Top of Exercise data

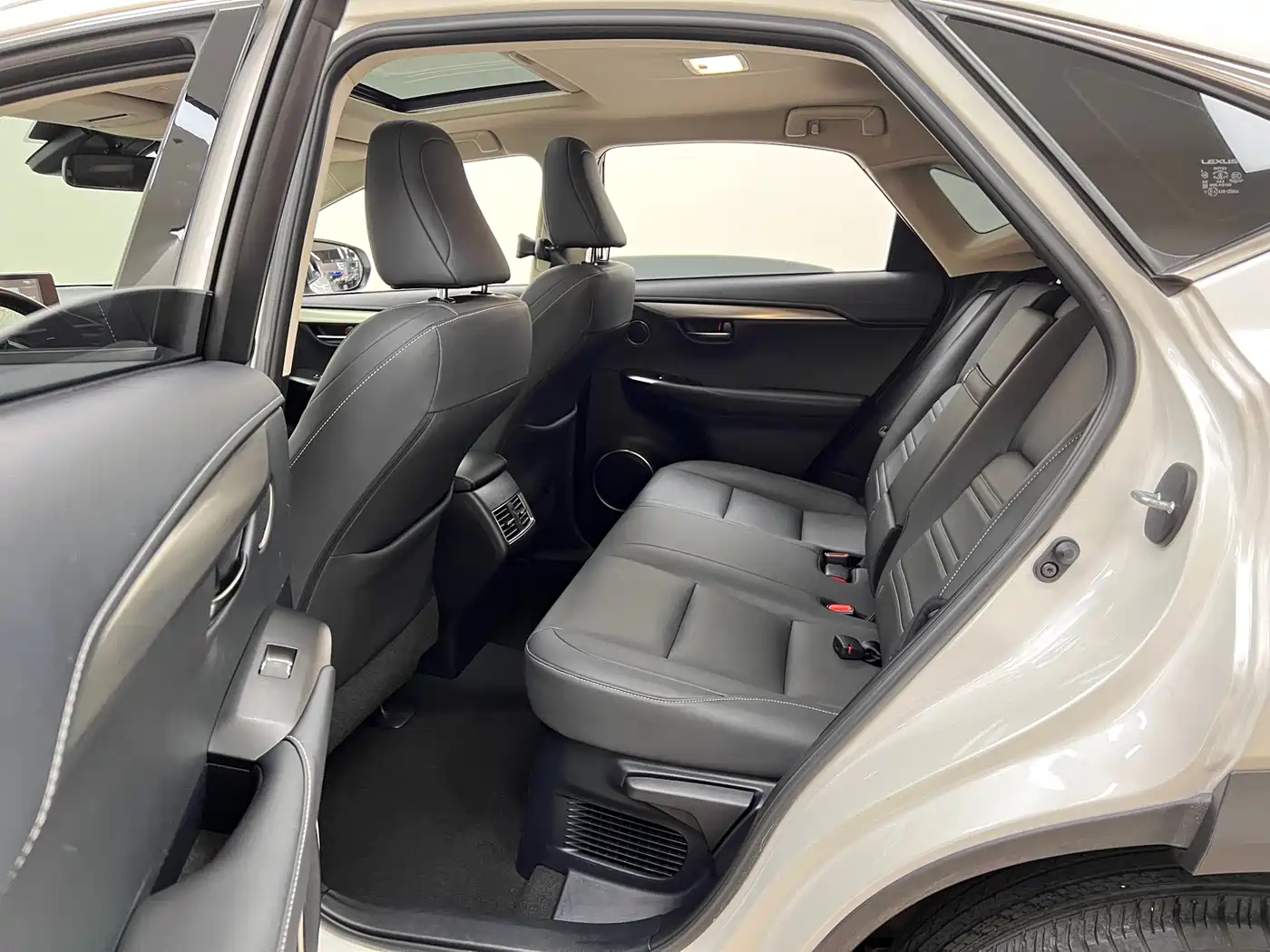 Lexus NX 2020 300h FWD F Sport China VI фото 17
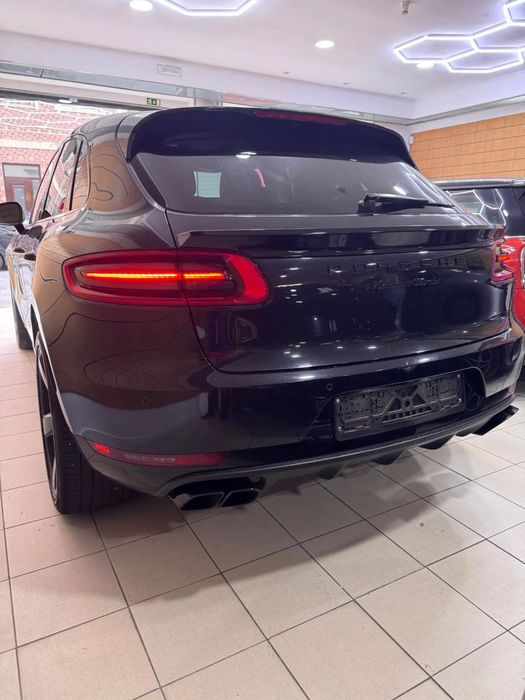 Porsche Macan Turbo Performance Package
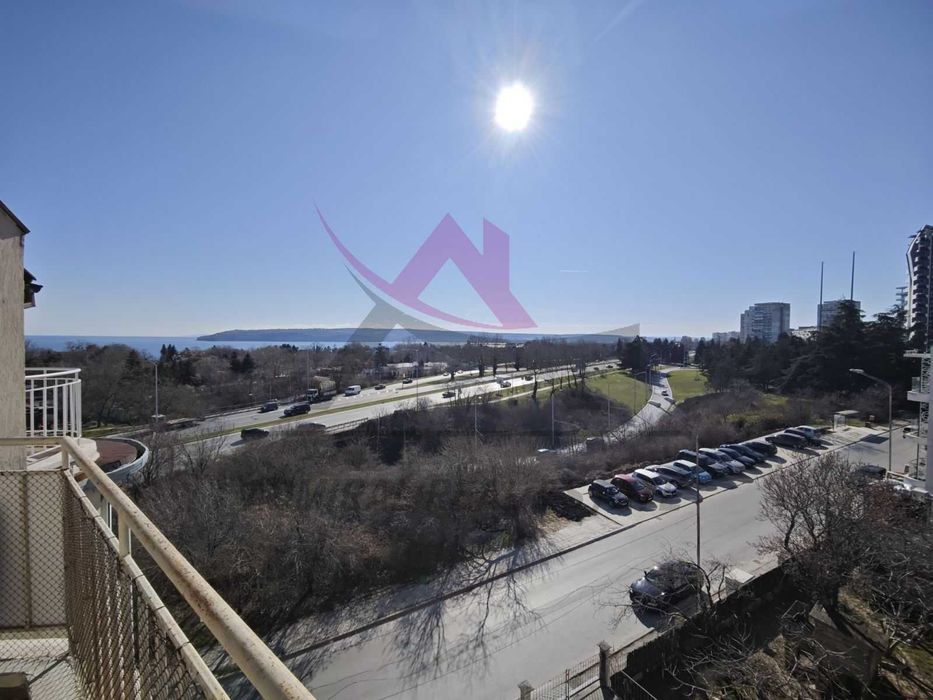 Атрактивен -двустаен -Бриз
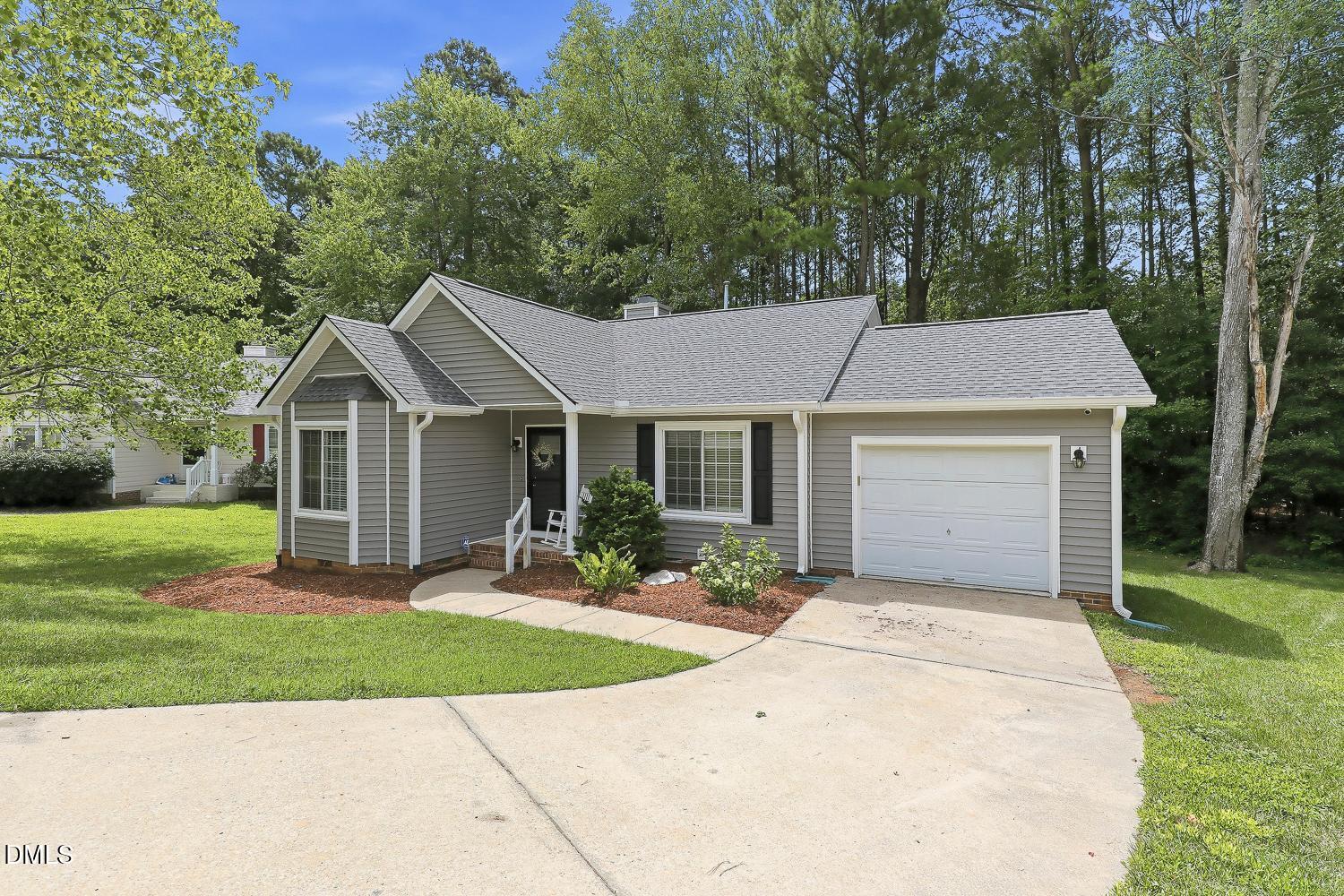 306 Wax Myrtle Court Property Photo 2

Bottom of Exercise data

Print verbatim every line above, apart from the pictures.

> **Problem solution**
 Lexus NX 2020 300h FWD F Sport China VI фото 17
 Porsche Macan Turbo Performance Package
 Атрактивен -двустаен -Бриз
 306 Wax Myrtle Court Property Photo 2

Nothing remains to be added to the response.